[Data excerpt]
——————————

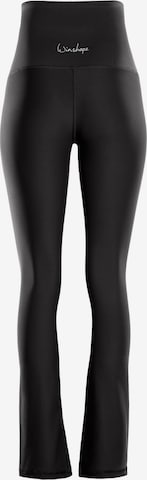 Bootcut Pantalon de sport 'BCHWL103C' Winshape en noir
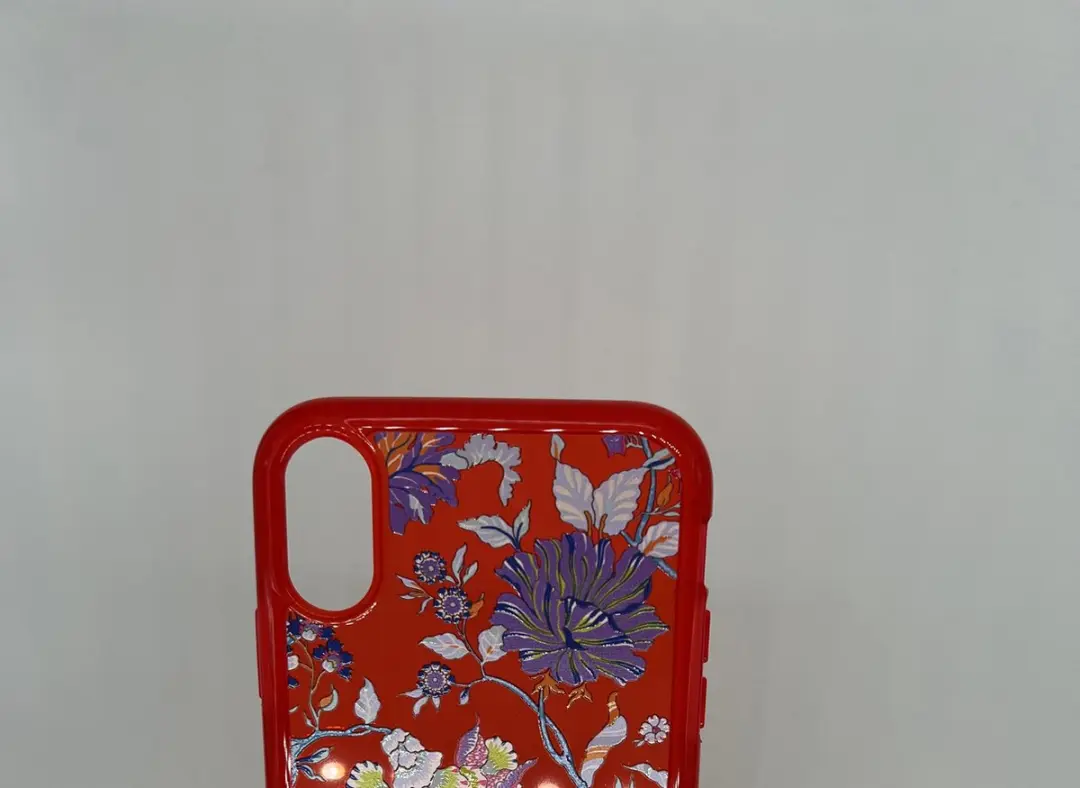Tech21 Liberty London Pureprint iPhone XR - Rood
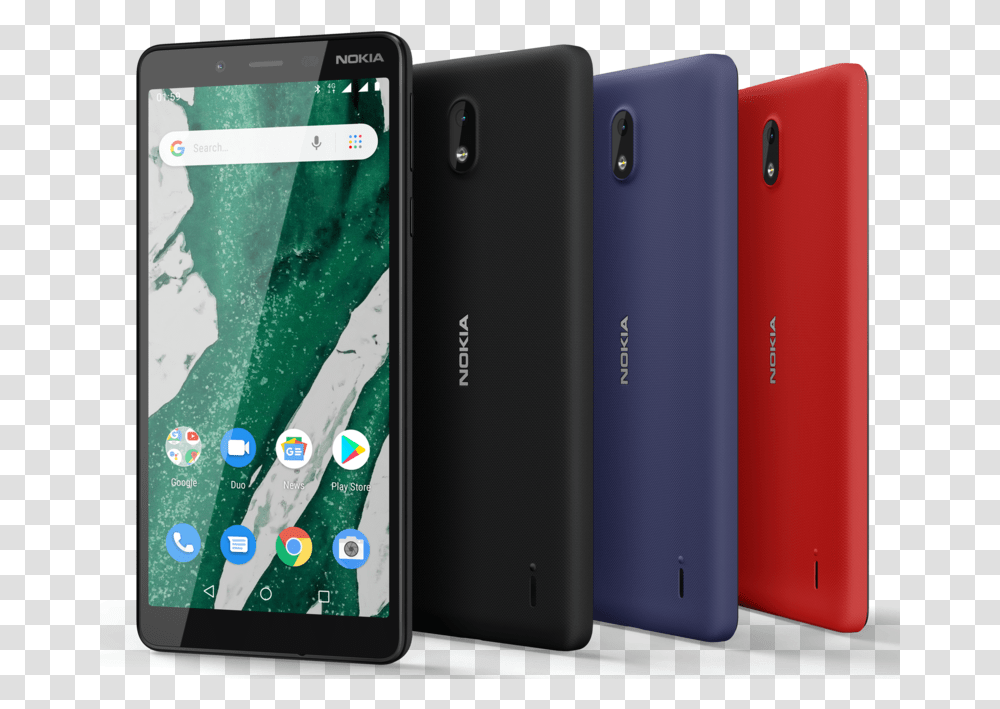 Nokia 1 Plus In All Colors Nokia 1.1 Plus 2019, Mobile Phone, Electronics, Cell Phone, Iphone Transparent Png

——————————

[What you need to do] For every line above, produce an exact transcription that omits the images.

[Problem solution]
 Bootcut Pantalon de sport 'BCHWL103C' Winshape en noir
Tech21 Liberty London Pureprint iPhone XR - Rood
 Nokia 1 Plus In All Colors Nokia 1.1 Plus 2019, Mobile Phone, Electronics, Cell Phone, Iphone Transparent Png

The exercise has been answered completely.